Kamis, 04 November 2010

"PETROMAKS DIKAMPUNG CANGGIH"

Canggih. Betul-betul canggih!. Rentetan peluru mataku takjub mengitari sekeliling. Aku seakan sedang berada di crakawala kehidupan lain. Silau! Alumunium-alumunium dari atap rumah-rumah megah itu bercahaya tertimpa sengat matahari. Lama aku terpukau, detik jarum jam yang terus memekik di tanganku bergerak kilat, tapi tak ku hirau. Aku masih terpaku. Terpana. Tak habis juga sepasang bibirku meluncurkan kalimat-kalimat kekaguman. Ah, benarkah ini kampung yang kutinggalkan 13 tahun lalu? Rasanya aku tak percaya! Benar-benar perubahan itu mencapai 180 derajat di mataku.

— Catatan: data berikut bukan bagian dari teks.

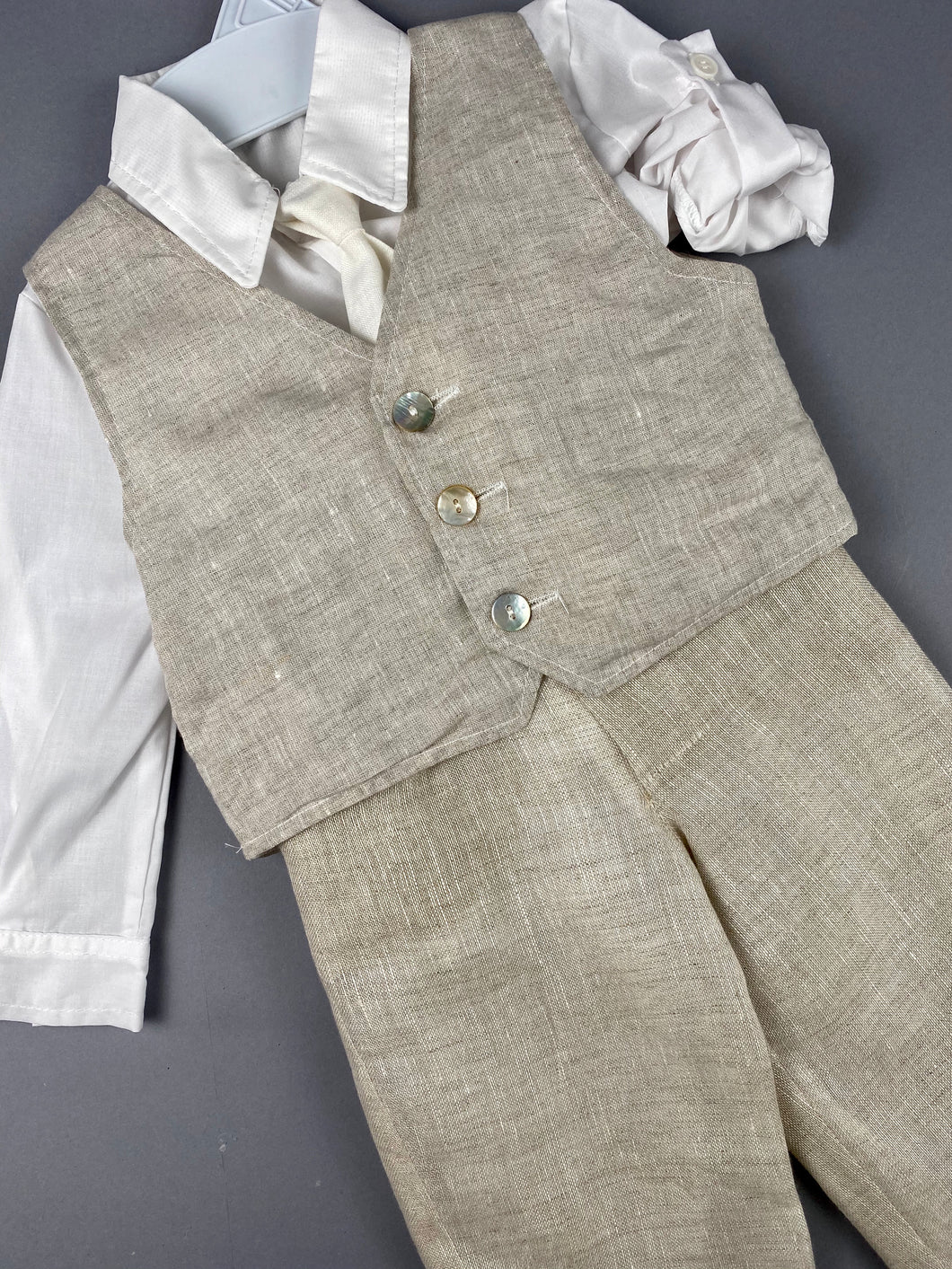 Rosies Collections 7pc full Linen suit, Dress shirt With Cuff sleeves, Pants, Jacket, Vest, Belt or Suspenders, Cap. Made in Greece exclusively for Rosies Collections S201914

Dulu, lorong-lorong jalan di kampung ini begitu sunyi, sulit menemukan orang untuk teman berjalan. Wajah jalan itu pun begitu kasar dipenuhi batu-batu yang besarnya melebihi kepala jabang bayi yang baru lahir. Pepohonan di kanan-kiri jalan masih membentuk gerombolan hutan lebat tak bersahabat. Jarak antar rumah memerlukan ribuan butir keringat untuk menempuhnya. Dan ketika malam tiba, para jangkrik dan kawan-kawannya berderik menjerit menjadi alunan merdu pengantar kaki bocah-bocah cilik yang berlomba mencapai pintu surau yang berdiri disudut kampung dengan kokoh walau hanya ditemani pelita redup. Sedang bulan yang mencuri sinarnya dari matahari menjadi penerang yang menyembuhkan kebutaan yang tiba-tiba menjadi sindrom menakutkan ketika malam menjenguk. Tapi kalau boleh kukatakan sekali lagi, itu kampungku dulu, duluuuu sekali. 13 tahun yang lalu . sekarang? Ckckckckckck….., decak kagum dari bibirku tak bisa dihentikan dengan mudah.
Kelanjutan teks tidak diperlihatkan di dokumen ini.